▶ _Task directions_
Would you restate the full listing word for word and omit its pictures?
** Material provided follows **
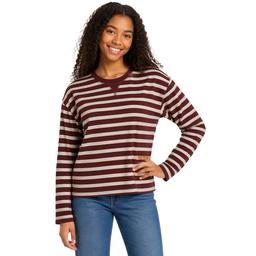 Juniors Pink Rose Long Sleeve Oversized Striped V-Notch Top-BrwnW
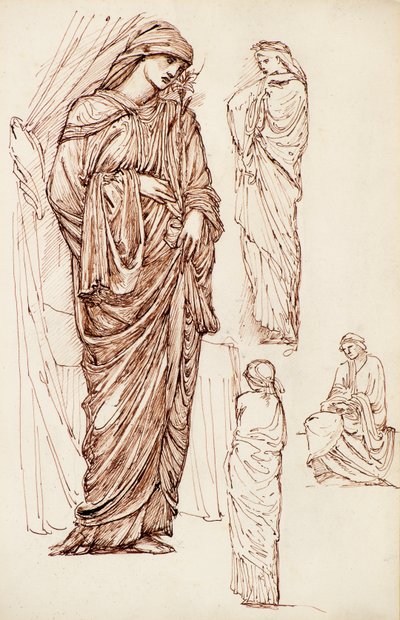 Meryem Ana ve St Elizabeth, Elbiseli Figürler by Edward Burne Jones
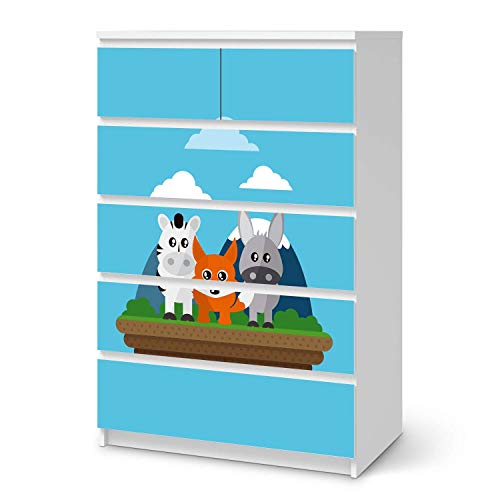 creatisto Möbel Klebefolie für Kinder - passend für IKEA Malm Kommode 6 Schubladen (hoch) I Tolle Möbelfolie für Kinder-Möbel Deko I Design: Zootiere von creatisto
** End of Material provided **
▶ _Finished task_
 Juniors Pink Rose Long Sleeve Oversized Striped V-Notch Top-BrwnW
 Meryem Ana ve St Elizabeth, Elbiseli Figürler by Edward Burne Jones
 creatisto Möbel Klebefolie für Kinder - passend für IKEA Malm Kommode 6 Schubladen (hoch) I Tolle Möbelfolie für Kinder-Möbel Deko I Design: Zootiere von creatisto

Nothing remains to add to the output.